§ **WHAT YOU SHOULD DO**
Reproduce the lines below exactly, from the one containing "49/1 Grange Boulevard, Upper" through the one containing "Photo - 4055 Parkside Village Dr Unité 721", both included. Leave out any pictures.
+++ INFORMATION +++
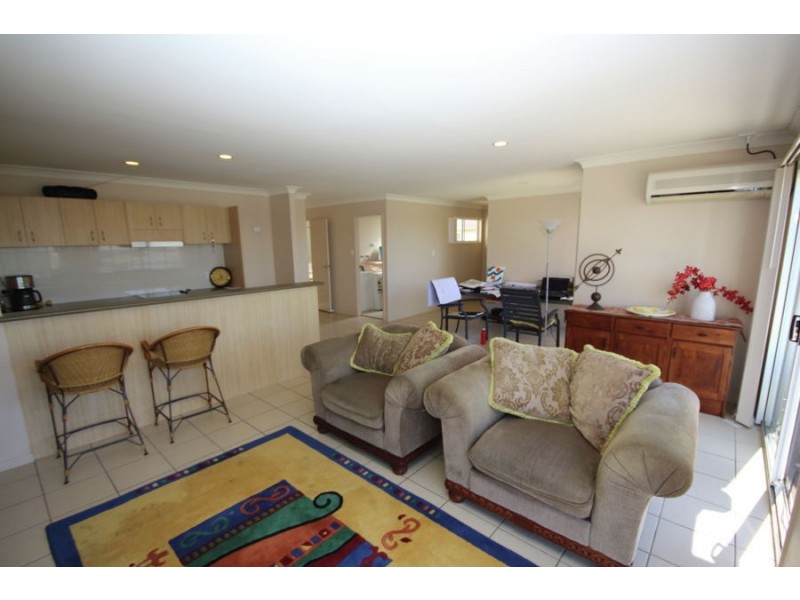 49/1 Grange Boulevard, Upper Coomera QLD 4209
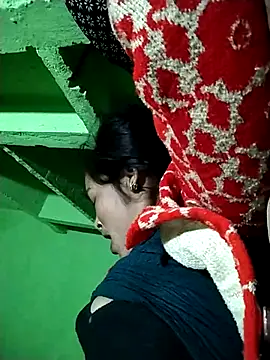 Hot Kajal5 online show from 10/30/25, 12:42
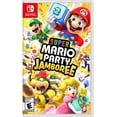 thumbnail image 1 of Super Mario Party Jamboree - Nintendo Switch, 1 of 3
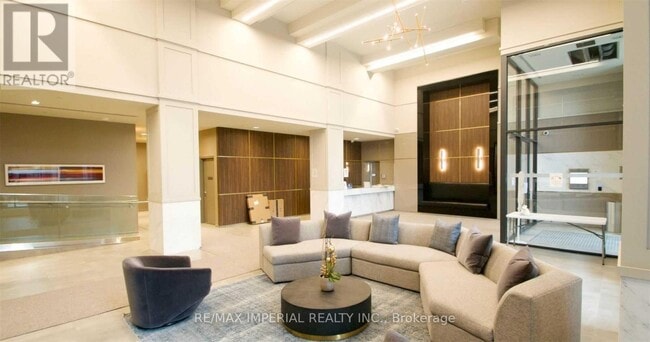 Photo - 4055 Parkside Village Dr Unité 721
+++
+++ INFORMATION +++
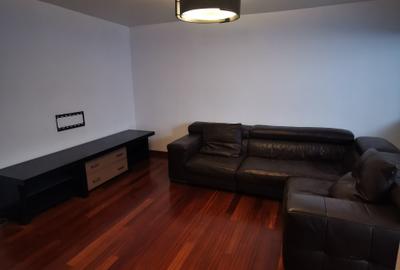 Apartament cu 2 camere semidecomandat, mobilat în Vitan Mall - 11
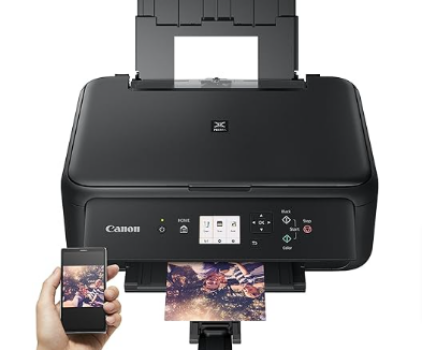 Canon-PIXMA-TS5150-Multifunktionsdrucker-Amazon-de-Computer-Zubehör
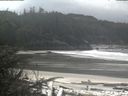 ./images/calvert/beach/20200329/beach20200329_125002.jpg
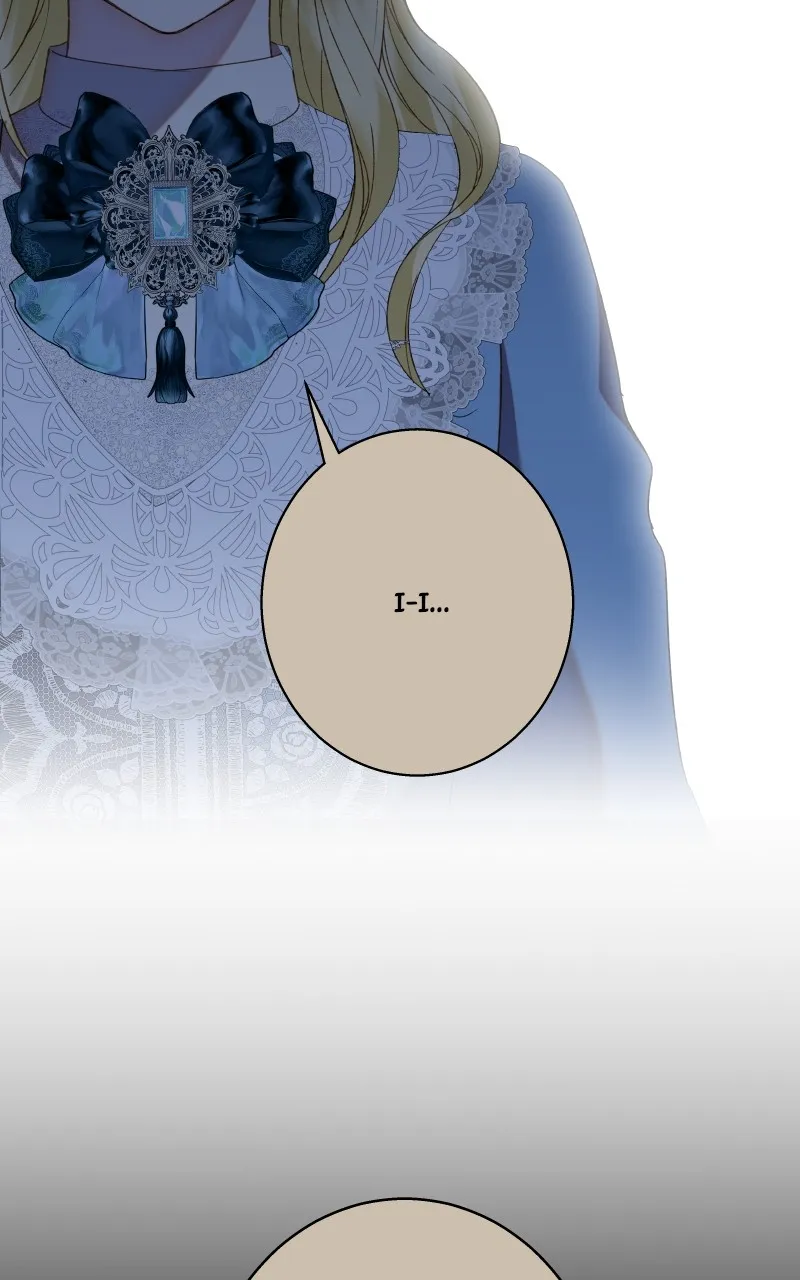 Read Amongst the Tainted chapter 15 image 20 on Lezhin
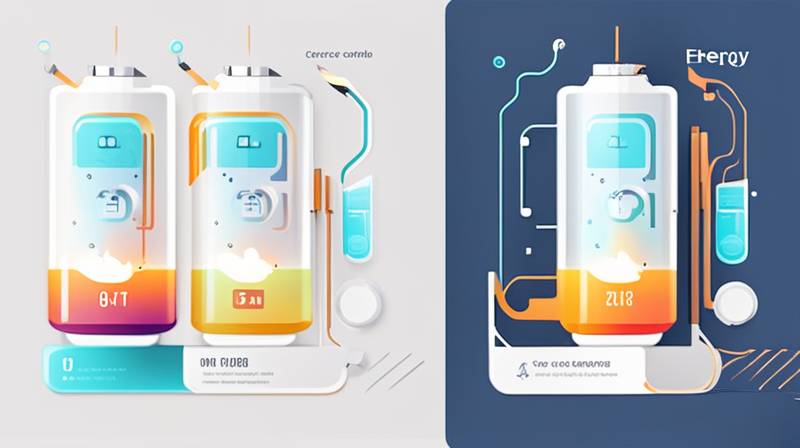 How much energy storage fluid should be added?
+++
+++ INFORMATION +++
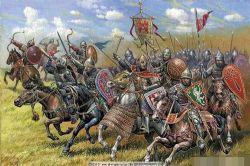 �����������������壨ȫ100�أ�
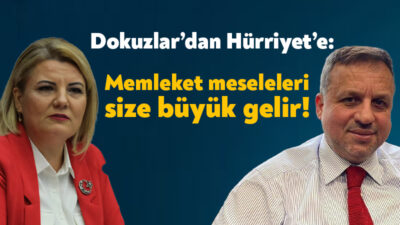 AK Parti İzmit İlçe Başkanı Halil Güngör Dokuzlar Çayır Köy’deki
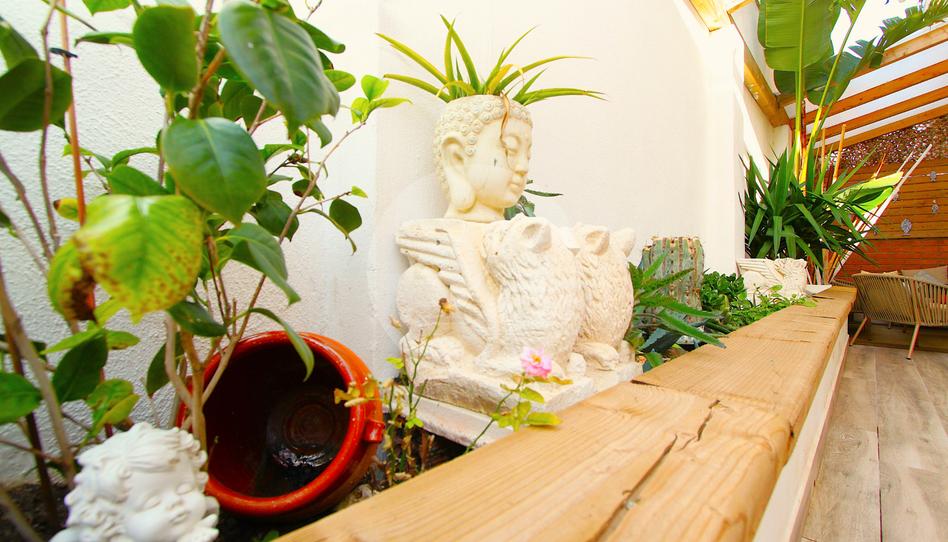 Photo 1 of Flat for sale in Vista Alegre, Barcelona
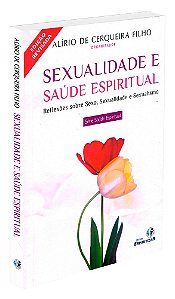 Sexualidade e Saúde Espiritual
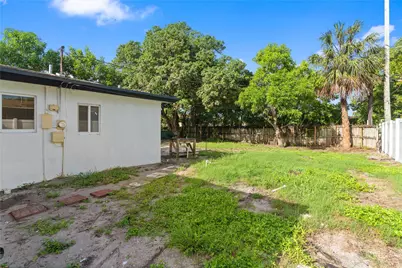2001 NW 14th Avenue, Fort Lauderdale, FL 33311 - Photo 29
+++
§ **WRITTEN RESPONSE**
 49/1 Grange Boulevard, Upper Coomera QLD 4209
 Hot Kajal5 online show from 10/30/25, 12:42
 thumbnail image 1 of Super Mario Party Jamboree - Nintendo Switch, 1 of 3
 Photo - 4055 Parkside Village Dr Unité 721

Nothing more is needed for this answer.